Mas ao mesmo tempo em que eu como autor desse texto localizo Salvador através da letra da música, poderia ser outra cidade como Cachoeira, Rio de Janeiro, São Paulo, Belo Horizonte, Recife etc, ou seja, a calamidade pública não é um fenômeno pertencente a somente uma cidade ou espaço geográfico, e sim um fenômeno macropolítico que expõe como as dinâmicas da diáspora africana operam nas cidades e espaços. Salvador aqui nesse texto entra como essa cidade que se intitula de capital afro, mas deixa expor no seu cotidiano inúmeras “Calamidades públicas” que atinge sobretudo a sua população de maioria negra. Ou seja, nascer, morar, viver e habitar o fim do mundo é uma convergência de contextos e sensibilidades que nós enquanto corpos negros em diáspora precisamos estarmos cada vez mais atentos e fortes.

REFERÊNCIAS:

FERDINAND, Malcom. Uma ecologia decolonial: pensar a partir do mundo caribenho. 1. ed. São Paulo: Ubu Editora, 2022.

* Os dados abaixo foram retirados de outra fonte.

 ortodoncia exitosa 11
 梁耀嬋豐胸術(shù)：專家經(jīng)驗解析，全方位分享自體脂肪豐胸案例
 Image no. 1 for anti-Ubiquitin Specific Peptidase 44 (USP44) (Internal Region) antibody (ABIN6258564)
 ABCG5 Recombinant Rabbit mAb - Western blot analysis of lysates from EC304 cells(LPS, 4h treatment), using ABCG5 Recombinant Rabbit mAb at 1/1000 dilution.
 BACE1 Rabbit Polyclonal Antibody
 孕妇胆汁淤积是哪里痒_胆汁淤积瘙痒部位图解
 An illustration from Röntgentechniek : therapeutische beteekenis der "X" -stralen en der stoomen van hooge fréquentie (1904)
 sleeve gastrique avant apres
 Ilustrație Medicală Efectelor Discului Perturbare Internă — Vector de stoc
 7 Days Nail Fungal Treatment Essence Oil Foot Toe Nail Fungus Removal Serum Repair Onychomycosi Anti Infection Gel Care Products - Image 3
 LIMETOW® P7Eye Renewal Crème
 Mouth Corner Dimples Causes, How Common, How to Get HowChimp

GOMES, Edson. Resgate Fatal. Salvador: EMI Records Brasil Ltda, 1995.

MOTEN, Fred. Na quebra: a estética da tradição radical preta. Tradução Matheus Araújo dos Santos. São Paulo, Crocodilo Edições e n-1, 2023.

SEXTON, Jared. Afro-Pessimism: The Unclear Word. Rhizomes 29 (2016)

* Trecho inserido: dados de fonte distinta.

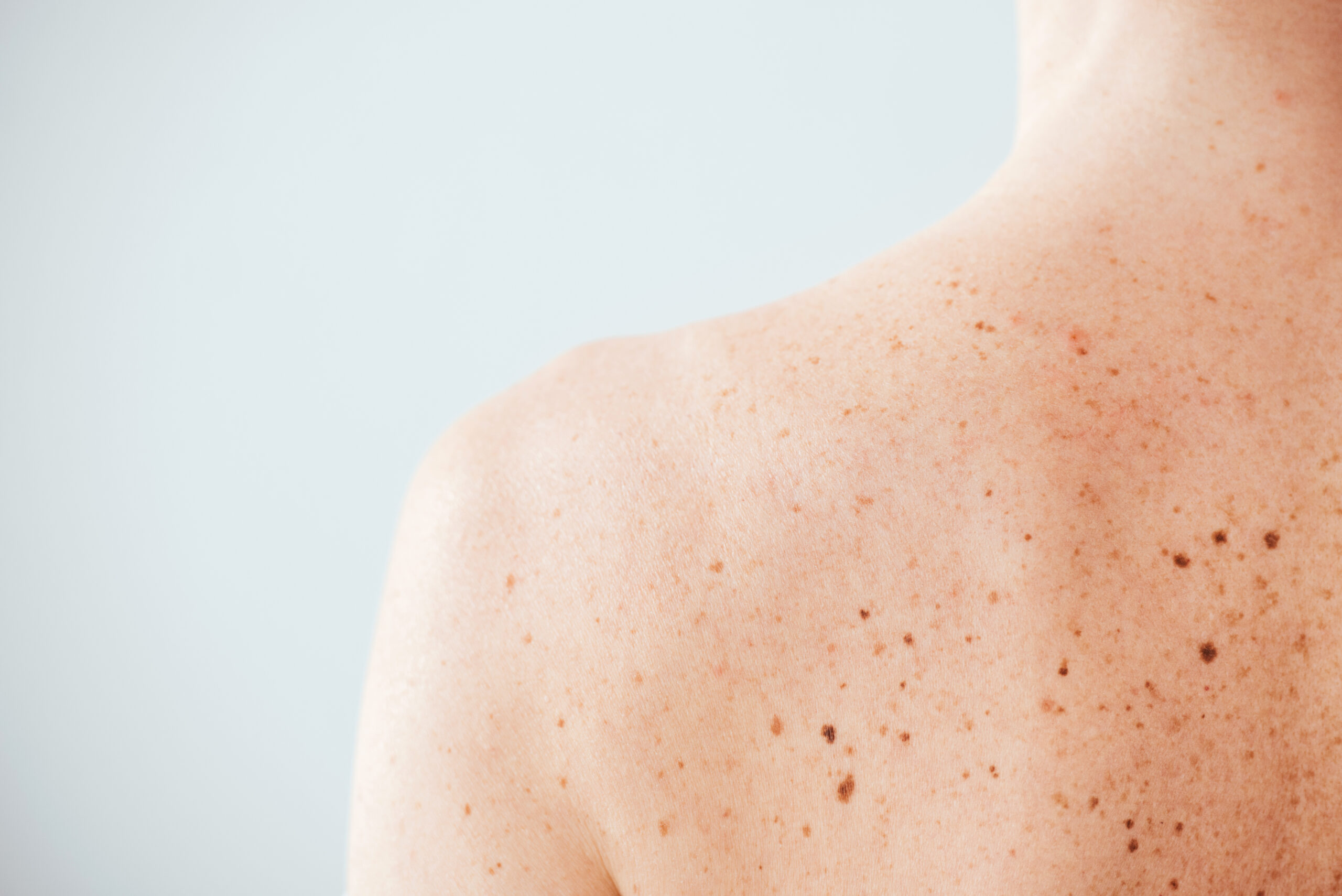 The ABCDEs of Melanoma: Early Detection Guide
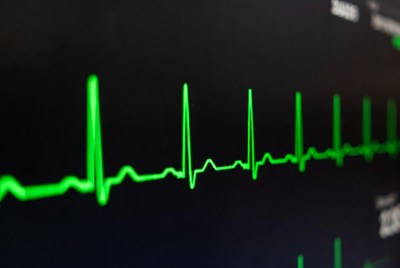 Green ECG Heart Monitor Wave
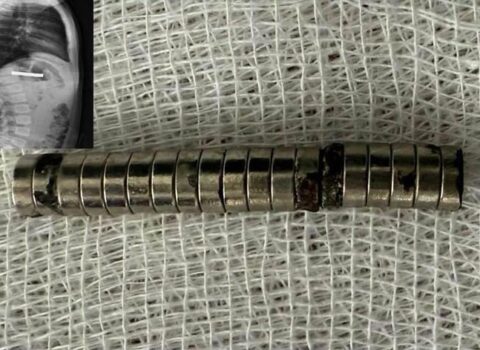 3 yaşlı uşağın boğazından 19 maqnit çıxarıldı – FOTO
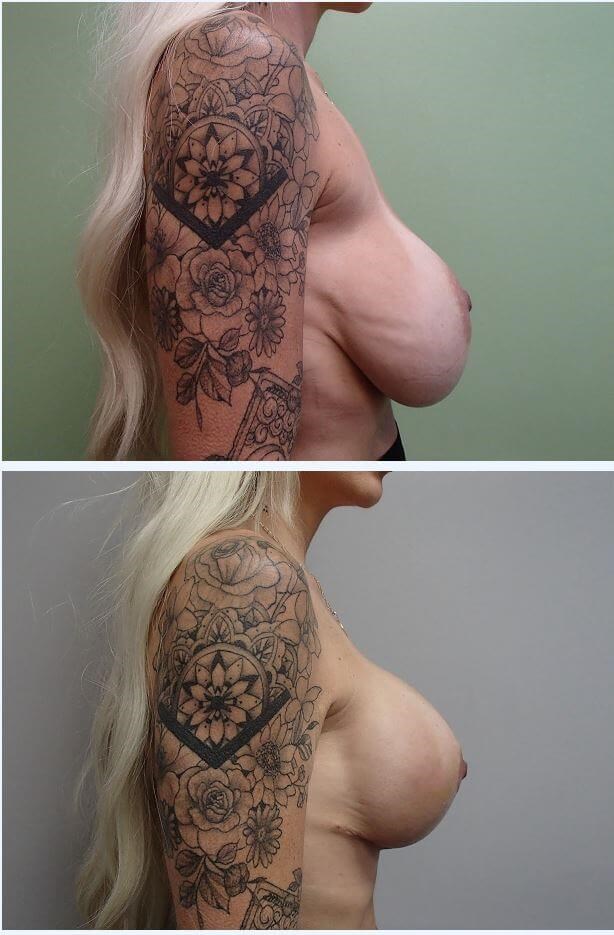 Breast Revision w/ Lift Before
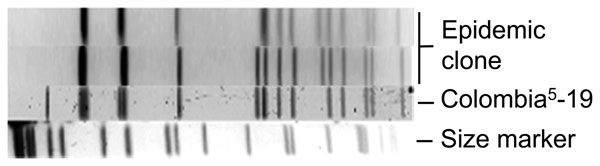 Restriction fragment-length polymorphism pattern of Streptococcus pneumoniae serotype 5 from epidemic in western Canada, 2000–2009 (epidemic clone), determined by pulsed-field gel electrophoresis. The Colombia5-19 strain is from the Pneumococcal Molecular Epidemiology Network (www.sph.emory.edu/PMEN) (17).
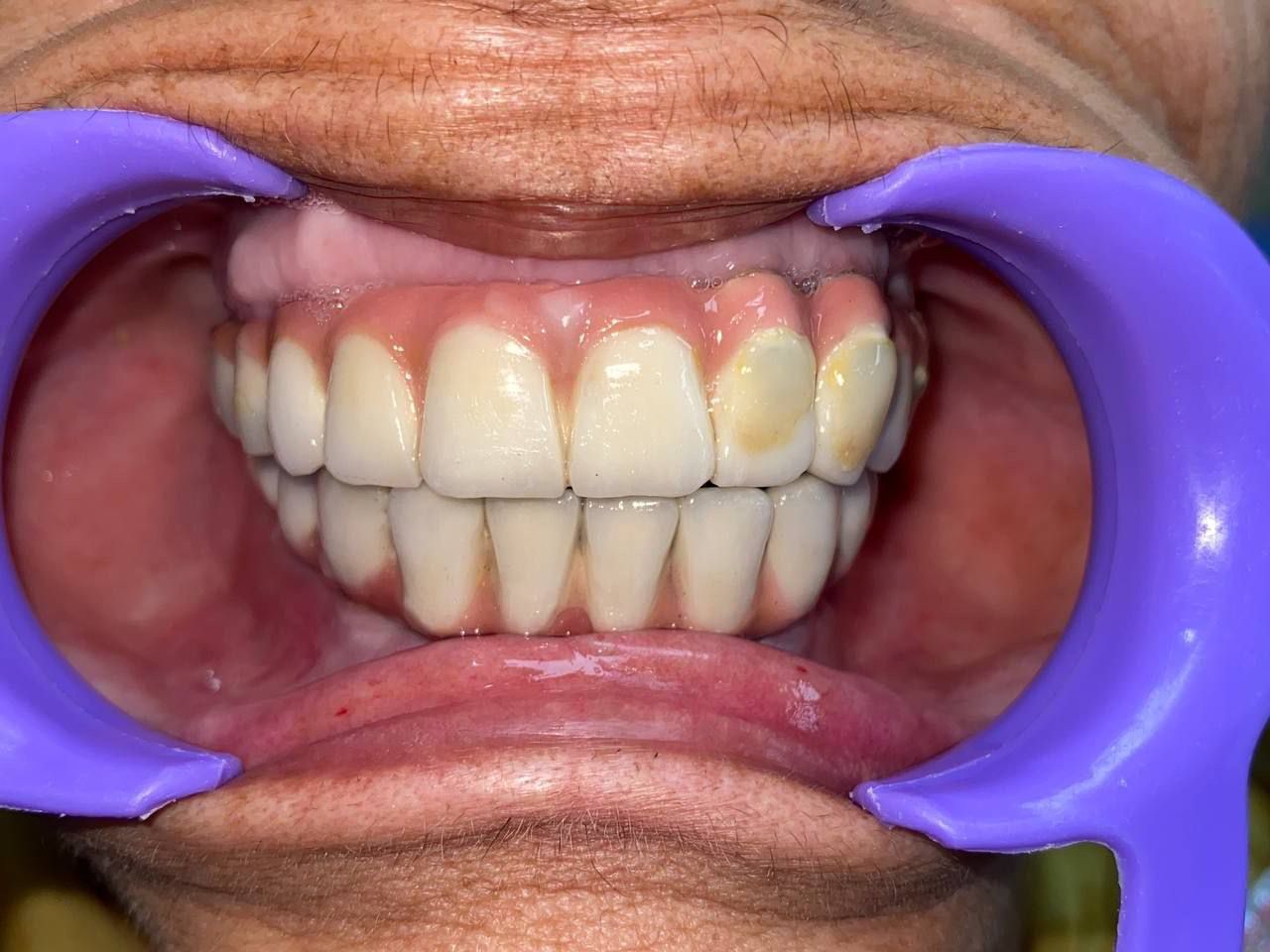 Full Mouth Implant 2 — after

BORGES, Felipe; FARIAS, Daniel; LAGE, Igor; MANNA, Nuno; YU, Wendi. Cartografias do fim do mundo: resistências, rearticulações e territorialidades. In: FONSECA, Maria Gislene Carvalho; GUTMANN, Juliana Freire; JÁCOME, Phellipy Pereira; RIBEIRO, Ana Paula Goulart (org.). Temporalidades e espacialidades nos processos comunicacionais. Belo Horizonte, MG: Faêch/Selo PPGCOM/UFMG, 2023. p. 49–70. (Cap. 2, p. 51).

[1] Capitulo do livro Temporalidades e espacialidades nos processos comunicacionais. Belo Horizonte, MG: Faêch/Selo PPGCOM/UFMG, 2023. p. 49–70. (Cap. 2, p. 51). Da rede Historicidades dos Processos Comunicacionais do qual o TRACC faz parte.